In light of increasing digital transformation of port ecosystems, the ENISA Port Cybersecurity - Good practices for cybersecurity in the maritime sector report highlights good practices to address new cybersecurity threats. Specifically, the emergence of the ‘SmartPorts’ concept brings new challenges for the deployment of emerging technologies (IoT, blockchain, big data, cloud, automation, AI, etc.), which often leads to greater exposure of port systems. While ports have traditionally been concerned with physical security and safety, they must now integrate cybersecurity in their global strategy.
ENISA’s Executive Director, Juhan Lepassaar, stated: “Given the economic importance of ports in EU trade, the protection of essential port operations against cyberattacks becomes paramount. It is important to equip EU ports with all necessary tools and knowledge to address cybersecurity concerns as they undergo their digital transformation. The report aims to provide port authorities and terminal operators, especially those in most need of relevant guidance, with a comprehensive set of good practices.”
The report lists an extensive set of security measures that port authorities and terminal operators can adopt to develop a security baseline. The main measures identified are described below and intend to serve as good practices for people responsible for cybersecurity implementation in Port Authorities and Terminal Operators:
- Define a clear governance around cybersecurity at port level, involving all stakeholders involved in port operations.

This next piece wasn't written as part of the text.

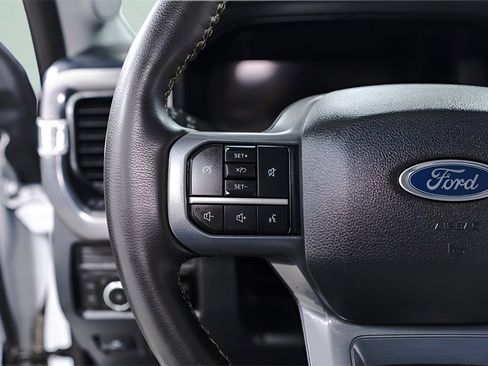 Used 2025 Ford F250 Lariat w/ Black Appearance Package image 11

- Enforce the technical cybersecurity basics, like network segregation, updates management, password hardening, segregation of rights, etc.
- Consider security by design in applications, especially as ports use many systems, some of which are opened to third parties for data exchange.
- Enforce detection and response capabilities at port level to react as fast as possible to any cyberattack before it impacts port operation, safety, or security.
According to ENISA, the report intends to:
- Identify the main port infrastructure and services (maritime cargo, passenger and vehicle transport, fishing activities), as well as establish an overview of stakeholders involved in port ecosystems and define a comprehensive asset taxonomy;
- Establish a high-level reference model describing port systems and the data flows between them and other external systems;
- List the main cybersecurity challenges that port stakeholders are facing today and are likely to face in the future and define a complete threat taxonomy that lists the different threats and their possible impacts;
- Describe cyberattack scenarios that the port ecosystem could face, influenced from cyberattacks that have already occurred in the maritime sector; and
- Provide a list of cybersecurity measures that highlight best practices and help improve the cybersecurity maturity of port ecosystems.